Lo confirma José Nieto, inspector Jefe de la Unidad Central de Redes de Inmigración Ilegal y Falsedades Documentales (UCRIF) de la Policía, uno de los mayores expertos en trata de personas. “Cuando llega una patera con subsaharianas se activa un protocolo para tratar de determinar la situación y saber si son menores, porque llegan sin documentación”, sostiene. “Ellas vienen traficadas y es muy probable que puedan ser tratadas en el futuro, en España o en otro país. Es probable que, en el caso de las menores, cuando llegan a los centros, los tratantes terminen arrancándolas de allí y las lleven a ser explotadas, prostituidas, en polígonos industriales, en los invernaderos de Almería, en pisos… En sitios recónditos. Por eso decimos que son víctimas invisibles”, añade.

En 2018, la Policía detectó a 24 menores extranjeras víctimas de trata, 13 de ellas con fines de explotación sexual, tres por matrimonio forzoso, ocho con fines de explotación laboral y una explotada en mendicidad. La mayoría eran procedentes de Nigeria y Rumanía, relata Nieto. “Sólo una niña en estas condiciones es un problema enorme, pero los números no son muy elevados y no tenemos identificada una red dedicada exclusivamente a la trata de menores migrantes”, sostiene, aunque reconoce que es difícil conocer la proporción exacta del problema.
Los centros de acogida son sitios conflictivos, es posible que las organizaciones estén pululando por allí para llevarse a las niñas, pero nos faltarían manos para proteger todos los centros y seguir trabajando en la detección.
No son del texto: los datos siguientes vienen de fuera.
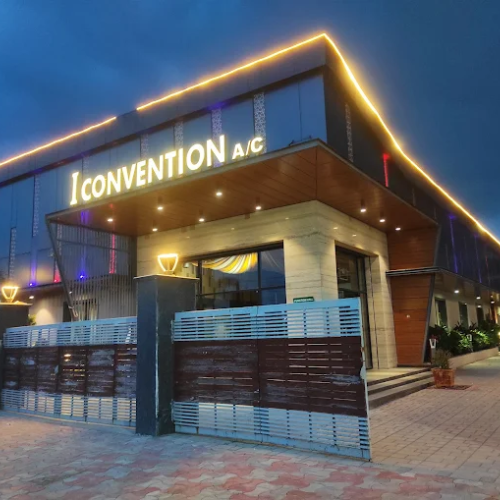I Convention – A/C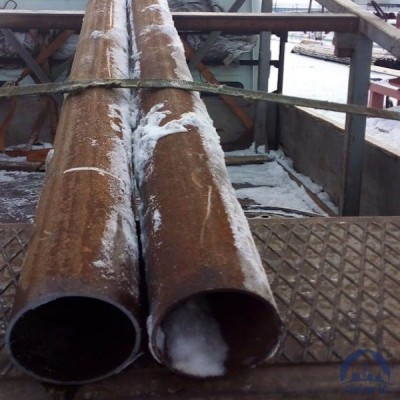 Труба бесшовная 108х14 мм ст. 20 ГОСТ 8732-78 купить в Луганск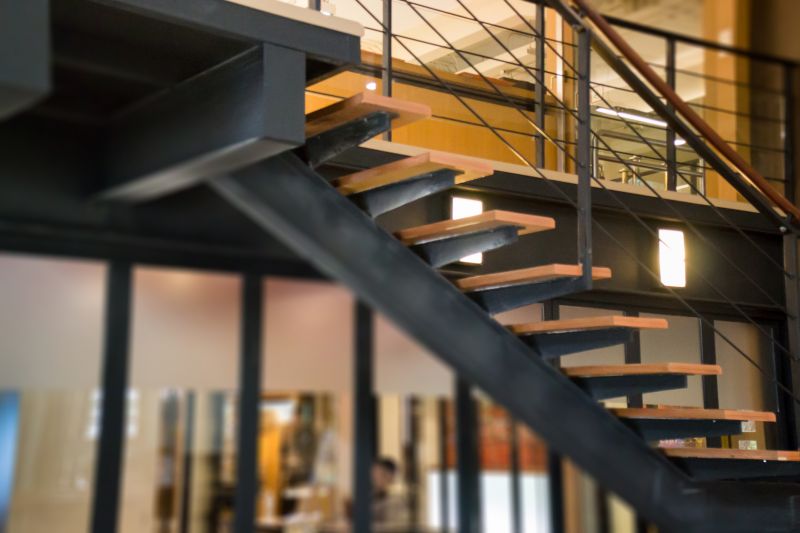 Stairs Installation in Conroe, TX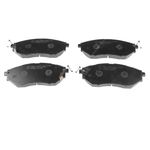 Febi Bilstein Brake Pad Set (170268)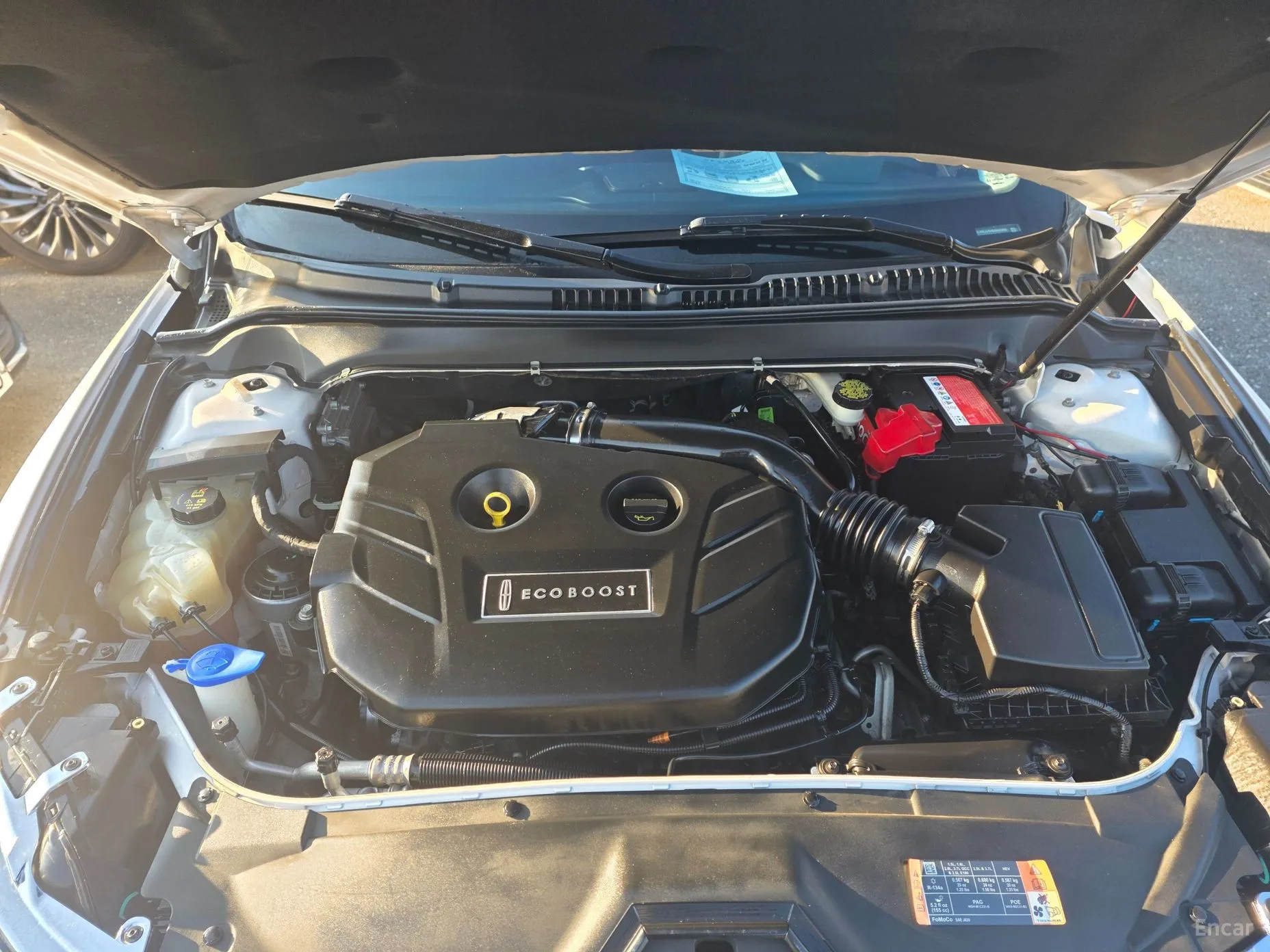 Lincoln New MKZ превью 6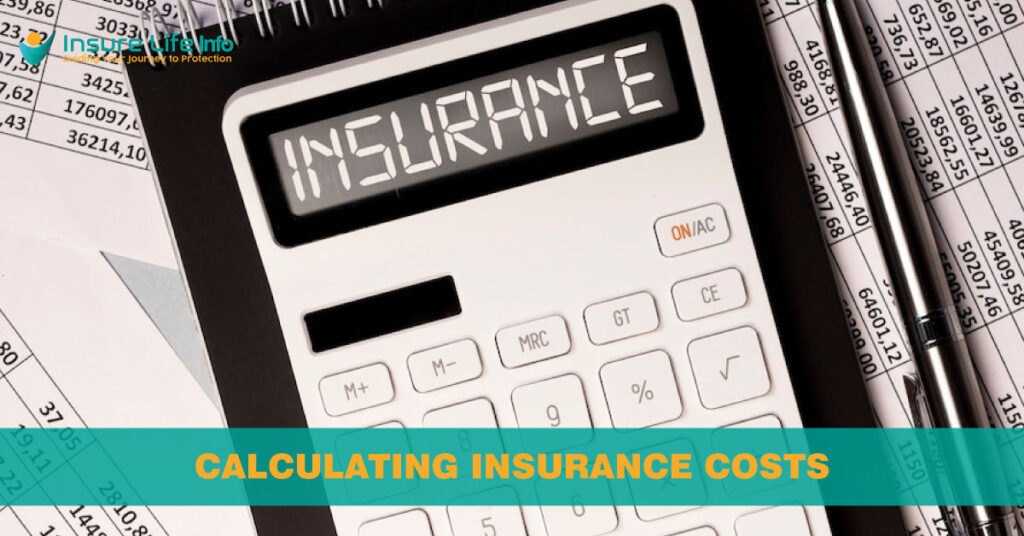 Calculating Insurance Costs:
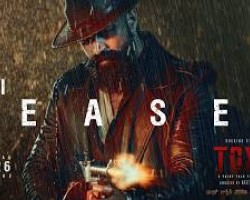 Toxic Official Hindi Teaser | Rocking Star Yash | Geetu Mohandas | KVN | Monster Mind Creations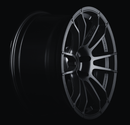 Gram Lights 57XR 18x9.5 +38 5-114.3 Glossy Black Wheel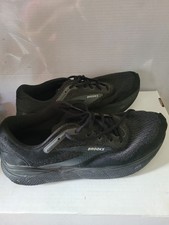Brooks Ghost Max Mens Running Shoes Size 12 Wide Black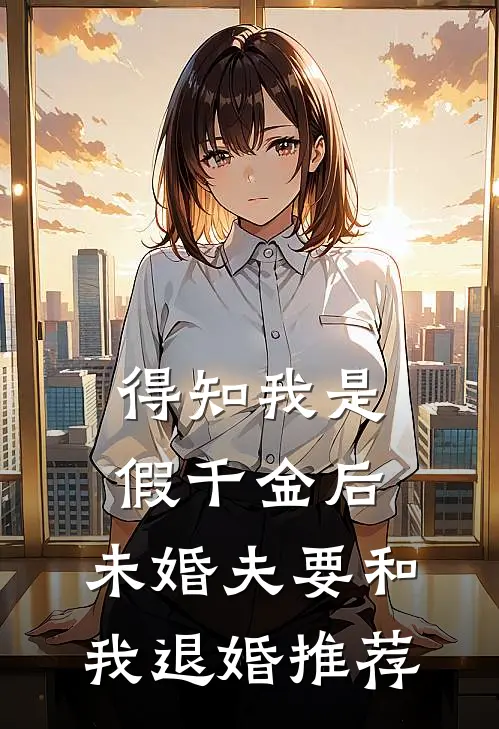 得知我是假千金后，未婚夫要和我退婚推荐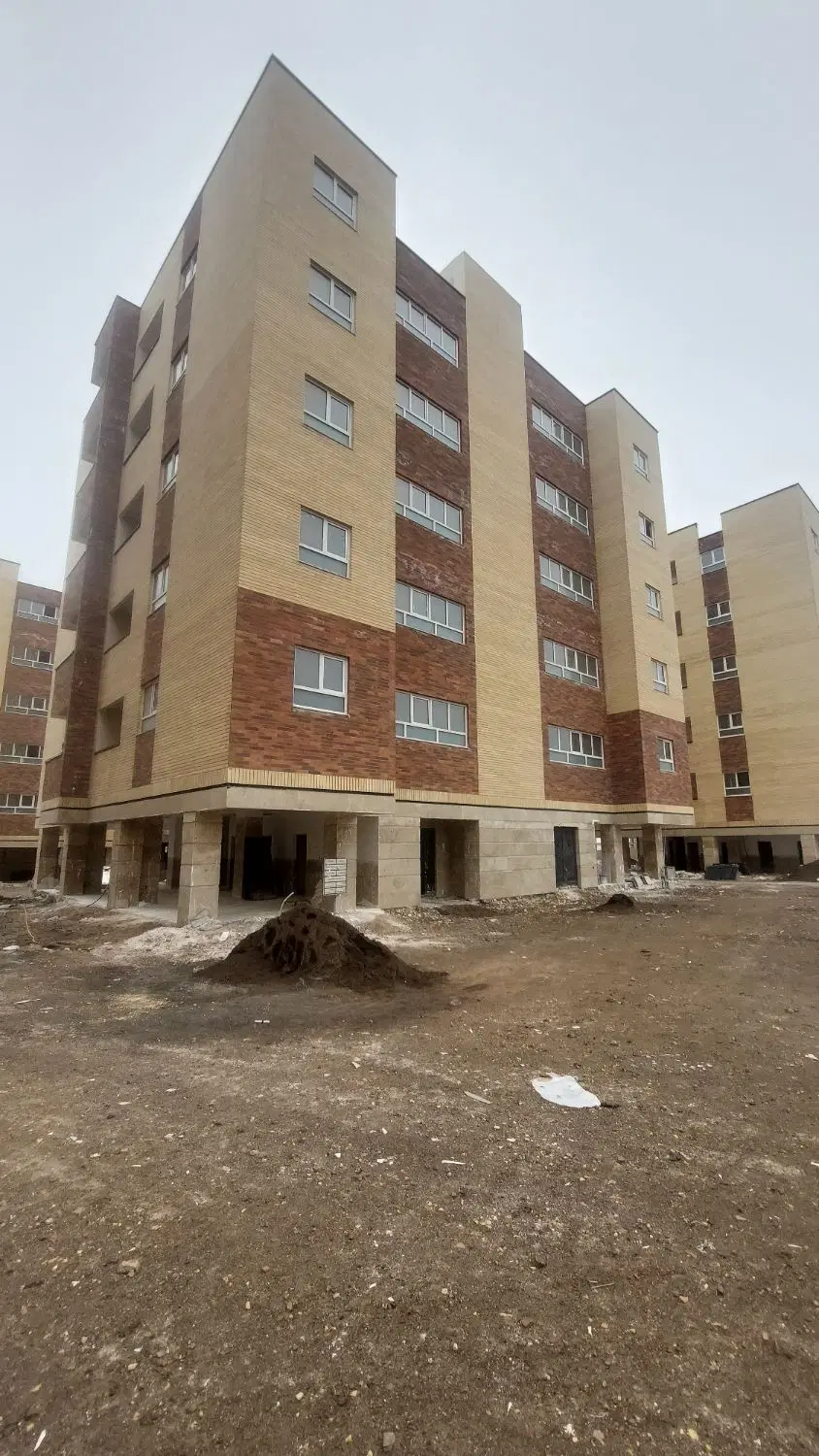 مسکن ملی پروژه ۵۶۰ هکتاری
Es una tarea muy complicada y las ONG nos ayudan aquí, nos informan de visitas extrañas, cambios de comportamiento, etc. Cuando nos informan estamos preparados y lo vigilamos, pero es complicado. Sobre todo porque, cuando hablamos con ellas, muchas veces no nos dicen nada, tienen mucho miedo y mucha presión. Así es muy difícil que podamos trabajar rápido”, destaca.

Hacerse mayor

Muchos de ellos superan como pueden esta etapa dentro del sistema. A algunos, una radiografía de la muñeca o la mandíbula o una exploración de los genitales les ha convertido en adultos antes de tiempo. Otros han soportado el hacinamiento, los colchones en el suelo para dormir y la falta de educadores y educación. Pero todavía les queda lo más difícil: hacerse mayor.

Desde Save the Children y otras organizaciones han denunciado en numerosas ocasiones lastrabas de las distintas administraciones para tramitar los permisos de trabajo y de residencia de estos chicos cuando cumplen la mayoría edad. Chana también lo denuncia y recuerda que Cruz Roja desistió hace años de trabajar gestionando centros de acogida de menores por la falta de compromiso de los Gobiernos regionales en este asunto. “El éxito de estos chavales depende de esos dos papeles. Si no se los dan, como debería hacerse, no sirve de nada todo lo invertido”, resume.

“Nos faltan datos oficiales del porcentaje de menores tutelados que acaba integrado, con un trabajo o estudiando al cumplir los 18 años”, critica Cuenca. En Andalucía, explica, “casi todos quedan fuera del sistema de protección y la Junta, que tiene obligación de proporcionar la documentación necesaria, no se la facilitan. Se quedan fuera y sin papeles y se arriesgan a ser expulsados. No hay cifras concretas, ni siquiera las hemos conseguido a través del Portal del Transparencia”, lamenta el responsable de Save the Children en la región. Es posible que haya mucho que esconder sobre cómo trata nuestro sistema a los niños que no son nuestros, a los hijos de nadie.